Girls, students of color, and LGBTQ students are disproportionately impacted by public school dress codes that target clothing and hairstyles, according to a federal report released Tuesday.
Nearly all K-12 school districts have a policy regulating dress, according to the U.S. Government Accounting Office, which analyzed data from 236 districts across the country. The policies raise concerns about equity and safety for at-risk students, the report said.
About 90% of the dress codes prohibit clothing typically associated with girls, such as short skirts, spaghetti strap tank tops and leggings, the report said.
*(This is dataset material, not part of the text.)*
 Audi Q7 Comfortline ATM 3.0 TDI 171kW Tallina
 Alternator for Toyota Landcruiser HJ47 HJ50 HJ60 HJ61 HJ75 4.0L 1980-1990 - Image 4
About 69% of dress code policies target clothing often worn by boys, including muscle shirts and sagging pants, according to the 60-page report.
The report comes as more districts across the country and in the region are adopting gender-neutral dress codes in an attempt not to disproportionately target girls. Cherry Hill is poised to consider its first major dress code revision in a decade.
While school districts often cite safety as the reason for having a dress code, the policies often make the school environment less safe for some students, the report found. For example, some students, particularly girls, reported feeling uncomfortable when school officials physically touched them in order to measure clothing such as skirt length.
According to the report, 60% of dress codes have rules involving measuring to determine if a student’s clothing is acceptable. In some cases, the measuring was conducted in front of other students, causing embarrassment, the report said.
For example, one dress code said, according to the report, “The test: No bare midsection or back is revealed when arms are stretched overhead.”
Nearly all district dress code policies contain subjective language that makes compliance open to interpretation, with phrases such as “revealing” or “immodest clothing,” the report said.
Researchers said none of the dress codes with “sex-based” rules explicitly protected transgender or non-binary students and their choice to dress according to their gender identity, the report said. About 15% of dress codes have rules that “no fingernail polish or makeup is allowed on male students,” the report found.
Most dress codes have rules about hairstyles and head coverings that disproportionately impact Black students and those from certain religious and cultural backgrounds, the report said. Only about one-third of dress codes allow religious exemptions for head coverings.
According to the report, about 44% of districts ban hair wraps, some specifically citing durags. One in five has rules with subjective language such as, “hair must look natural, clean, and well-groomed” or say students’ hair must not be “distracting” or “extreme.”
According to the report, schools that strictly enforce dress codes primarily enroll Black and Hispanic students. Those students are more likely to face discipline by being removed from the classroom or suspended, the report said.
The report recommended that the U.S. Department of Education provide resources to develop more equitable dress code policies, and collect and disseminate information on the prevalence of informal removals and non-exclusionary discipline such as in-school suspension.